Brainard earned 55.8 percent of the vote in defeating Hamilton County Councilor Fred Glynn, the mayor’s closest margin of victory since his first run for office in 1995. In the months leading up to the election, both campaigns accused each other of bribery and Carmel’s clerk-treasurer claimed that Brainard had harassed her.

After the results came in, Brainard thanked his campaign team and supporters as they celebrated the victory at Donatello’s Italian Restaurant on Main Street.

“This is a group effort, and we all worked really hard, so thank you,” he said to the crowd. “This means that we can continue to grow the city the way that most people in the city want to see it grow.”

He also said he plans to “listen very carefully” to Carmel residents who didn’t vote for him.

“There are people who are afraid and scared and concerned about the direction of this city, so we need to all work hard and listen to them to try to answer their questions and make them feel comfortable about where we’re headed in this city,” Brainard said.

After learning the results, Glynn thanked his family for supporting him through the journey of a campaign that he said focused on integrity, hard work and a shared vision for the future of Carmel.

“I hope that Mayor Jim Brainard will listen to the countless voices that supported my message of fiscal responsibility, bringing our debt under control and considering limiting the number of terms for the office of mayor,” Glynn said. “I will continue to serve Hamilton County as a county councilman, and I will continue to hold this administration accountable as a proud citizen of Carmel.”

In other municipal races, every candidate endorsed by Brainard won re-election except Ron Carter, an at-large city councilor who first took office in 1996, the same year as Brainard.

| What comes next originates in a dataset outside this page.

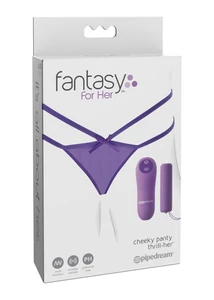 Bugyiba rejtett távirányítós vibrátor Petite panty thrill-her purple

In the at-large city council race, political newcomer Tim Hannon – who was not endorsed by Brainard – joined city council incumbents Kevin Woody Rider and Jeff Worrell in earning three available seats.

Hannon said he thought he had a “good shot” at winning.

“We’re just going to take today and be very thankful for all of our supporters and volunteers,” he said. “It was very much a grassroots campaign.”

Adam Aasen defeated Dave Hommel to win the Southeast District seat, a spot currently held by Worrell. Incumbent Tony Green defeated Matt Milam in the Southwest District, which included votes from Home Place residents for the first time since being annexed by Carmel. Incumbent Bruce Kimball defeated Chauncey Bogan to retain his seat in the Central District, and Incumbent City Court Judge Brian Poindexter defeated Angela Swenson.

Five of the city council races have Democratic opposition in November’s general election, although the Hamilton County Democratic Party has until June 30 to appoint candidates in uncontested races.